TransMap: Pinpointing Mistakes in Code Translation by Codex & ChatGPT

Paper: TransMap: Pinpointing Mistakes in Neural Code Translation in ESEC/FSE 2023

License

The main part of the code is under MIT license. Some source dependencies have special licenses See LICENSE and DEPENDENCY.md for details.

Introduction

This artifact TransMap is a tool to pinpoint mistakes in neural code translation by Codex or ChatGPT. More specifically, it focuses on Python to JavaScript code translation.

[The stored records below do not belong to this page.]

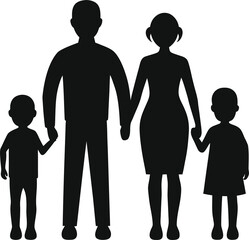 family silhouette vector
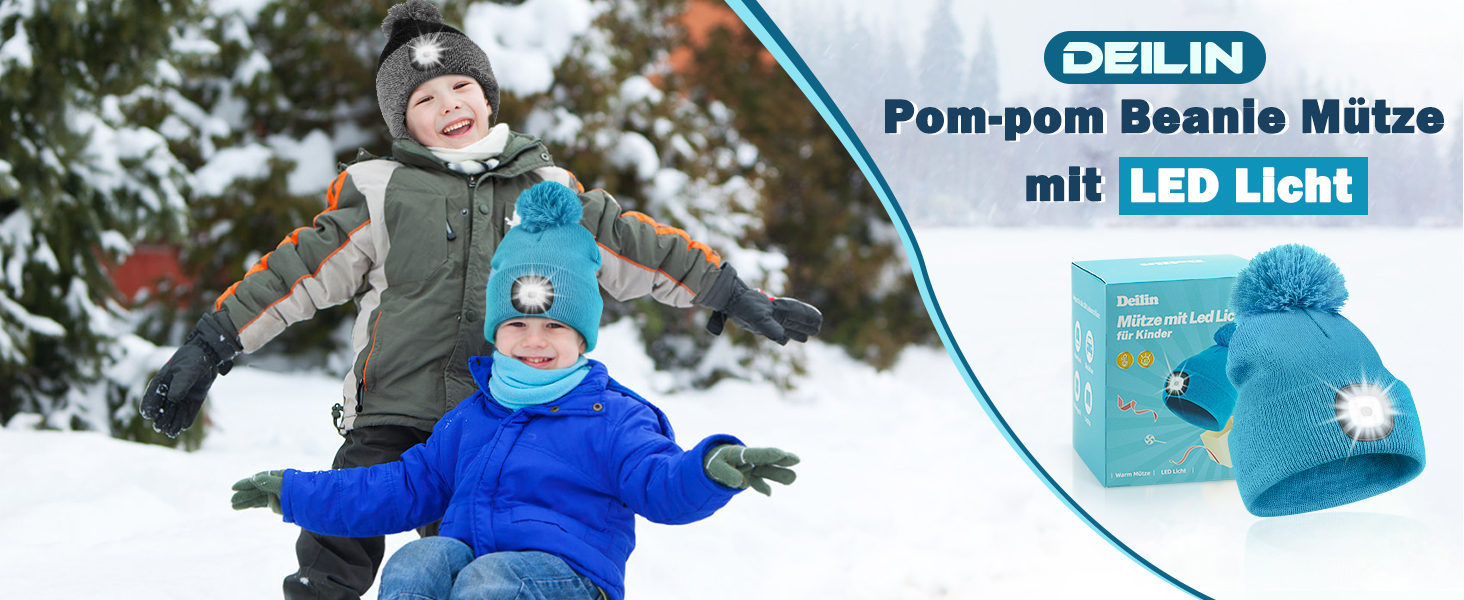 Mütze mit Led Licht Kinder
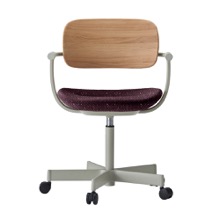 バーテブラ03WOOD （ vertebra03WOOD ） 5本脚 KG805CD-L4X701 本体  :  ペールオリーブ ナイロン双輪キャスター ［ 背WOOD × 座クッション  :  クリア × CD張地  :  X7 / プラムパープル ]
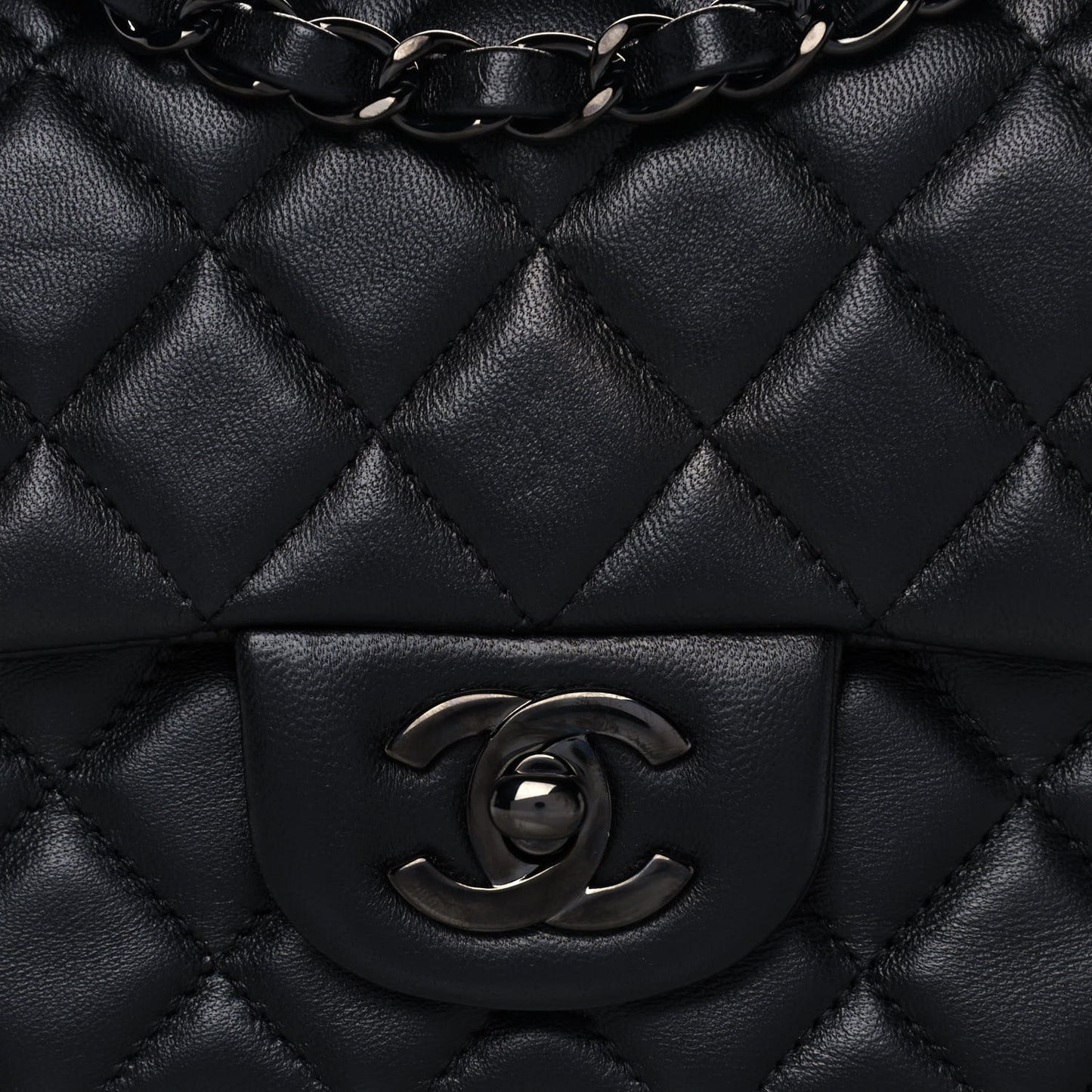 Lambskin Quilted Mini Rectangular Flap So Black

It takes a standalone Python program as input, and then obtains its JavaScript translation, and generates a source mapping between statements in the target program and the source program, using Codex or ChatGPT.

Next, it uses source mapping to aid in tracing the execution of the translated program and comparing it against the source reference program to pinpoint the mistakes in the translation.

Evaluation Overview

TransMap is evaluated in four aspects:

Part A: performance compared to the baseline approach (Table 1),
Part B: source mapping accuracy on micro benchmarks and additional experiments (Section 6.5 para 2, para 3, and Table 4),
Part C: case studies on real-world programs (Table 2),
Part D: user study on 24 participants (Table 3).

Besides, there are benchmark statistics (Table 1 left, figure 6, and figure 2). These statistics are produced by Part A also.

A. Micro Benchmarks Evaluation

The three sets of microbenchmarks for pinpointing translation mistakes with a manually validated list of mistakes are at:

GeeksForGeeks: data/transmap/tests/evalex/gfg
LeetCode: data/transmap/tests/evalex/leetcode
HumanEvalX: data/transmap/tests/evalex/humanevalx

Each benchmark contains the following files:

injects.json List of mistakes and patches.
target.fixed.js Fixed translation. target.js.run.json
target.js translated program with mistakes.
source.py source program.
source_test.py test wrapper for source program.
target_test.js test wrapper for the translated program.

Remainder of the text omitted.